The basic summation is that if there were a god, it could never act. By the fact that existence exists, there can be no god.
The supposed attributes of quantitatively infinite goodness, presence, knowledge and power are themselves self-contradictory as well. As Leonard Peikoff said, ” ‘Infinite’ as applied to quantity does not mean ‘very large’: it means ‘larger than any specific quantity.’ That means: no specific quantity—i.e., a quantity without identity. This is prohibited by the Law of Identity.”
Having shown why the notion “god” contradicts the fundamental meta-physical principles of reality, I do not think that the rest of the rabbi’s open letter is founded. However, he does mention the good that has come of people’s belief in Judaism. Even if it were the case that Judaism was less opposed to human happiness and equality, that should not warrant its belief. Considering the teachings of other religions, Judaism had a pretty low hurdle to cross. Of the points he made about the positive impact of his religion, in no way is a religious belief required to perform them. Atheists are just as capable of justice and love as atheists.
Pointing to “Hitler, Mao, Stalin and Pol Pot” as examples of secular injustices gives his case away. In the case of Hitler, he was very outspoken about his Christian belief. What united all of them were beliefs shared almost universally by theists, the virtue of self-sacrifice to the collective.

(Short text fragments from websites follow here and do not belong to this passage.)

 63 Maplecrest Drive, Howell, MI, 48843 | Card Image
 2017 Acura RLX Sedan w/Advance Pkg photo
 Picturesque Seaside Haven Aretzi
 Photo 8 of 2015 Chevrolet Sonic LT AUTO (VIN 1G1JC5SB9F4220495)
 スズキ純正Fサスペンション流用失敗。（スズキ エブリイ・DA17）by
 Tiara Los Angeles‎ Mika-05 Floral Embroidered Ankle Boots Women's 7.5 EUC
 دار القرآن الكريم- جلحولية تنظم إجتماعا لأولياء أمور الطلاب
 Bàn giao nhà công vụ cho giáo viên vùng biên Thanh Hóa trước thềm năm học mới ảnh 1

To the rabbi’s final point, atheism does not have to be asserted on faith. He added, “Being a rationalist, of course, you know that failing to make such an observation is different from proving that there isn’t one [a god], which, by its very nature, is an impossible task.” That is what the rabbi does not understand. A negative statement, such as one that there is no god, can be demonstrated as true if it is true. To demonstrate that two plus two is not five or 20 or 55 only takes proving that two plus two is four. To demonstrate that there is no god only takes demonstrating that existence exists and A is A, both (irrefutable) axiomatic primaries of logic. To say that one cannot prove a negative statement is itself a negative statement. So if the statement is true, it refutes itself. If the statement that one cannot prove a negative is false, that means negative statements, including that one, are then arbitrary and therefore meaningless. In either case, the statement that one cannot prove a negative is untrue. The purpose for the rabbi’s use of the statement that it is impossible to prove “that there isn’t one [a god]” is to deny that knowledge is even possible. If it is impossible to rule out the possibility that two plus two is not five, it is equally impossible to claim knowledge that two plus two is four. If I cannot prove that this thing I am punching my fingers on is not a poisonous snake, I cannot claim with certainty that it is keyboard either. The statement that one cannot prove a negative statement is a claim to knowledge that denies knowledge is possible.

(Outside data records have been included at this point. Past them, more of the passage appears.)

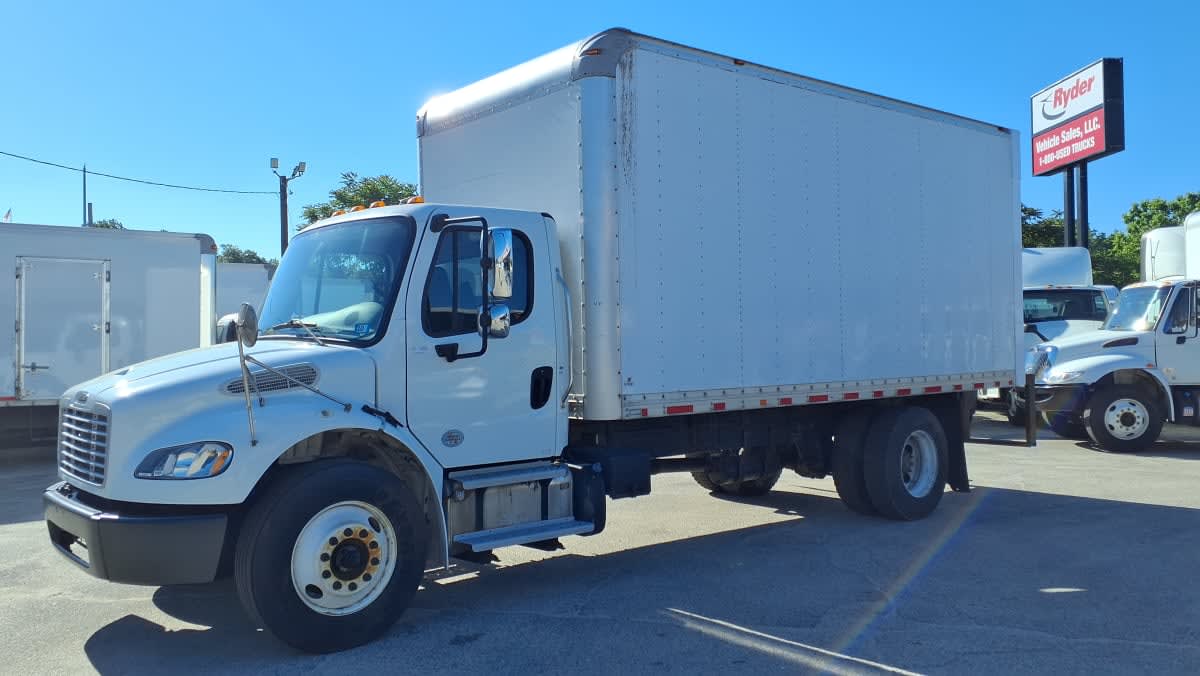 2018 Freightliner M2 106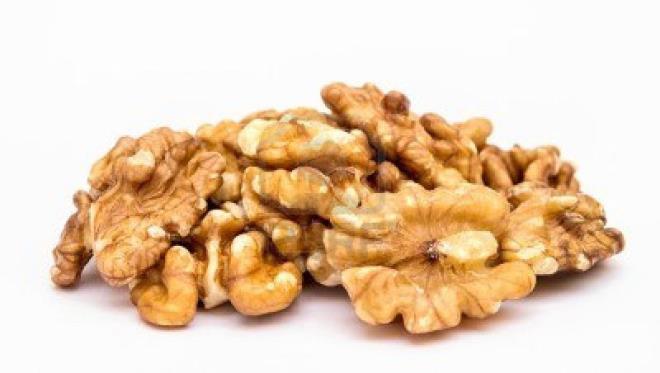 * Ceviz kk bir beyin grnmndedir. Beyin fonksiyonlar iin faydaldr.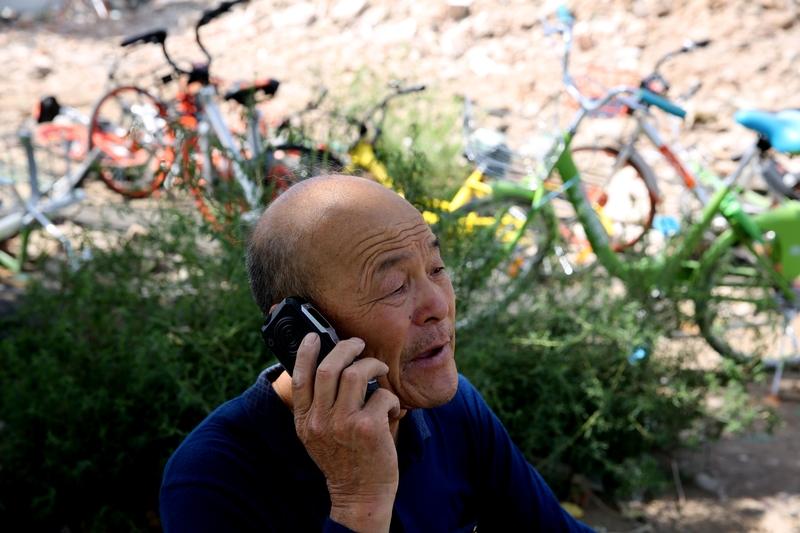 农村养老金真是个让人操心的事儿。前几天回村,听王大爷叹气,说一个月就领100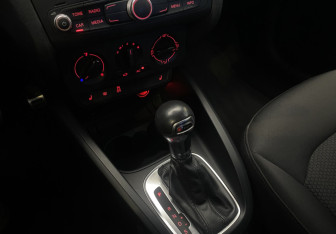Подержанный автомобиль Audi A1 2014 года (13 фото)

Forgiving the fact that the rabbi completely misunderstands atheism and peddles the idea that we cannot use reason, even as he communicates through the use of our reason, I welcome having an “open mind and a spirit of appreciation for our shared humanity.” It is just that so many theists do not see it that way. The goal of this post is not to rob people of their beliefs, and for the most part I do not initiate conversations about religion with theists nor do I support violence in the name of my beliefs — if only I could say the same for statists, some theists and some anarchists (for that matter).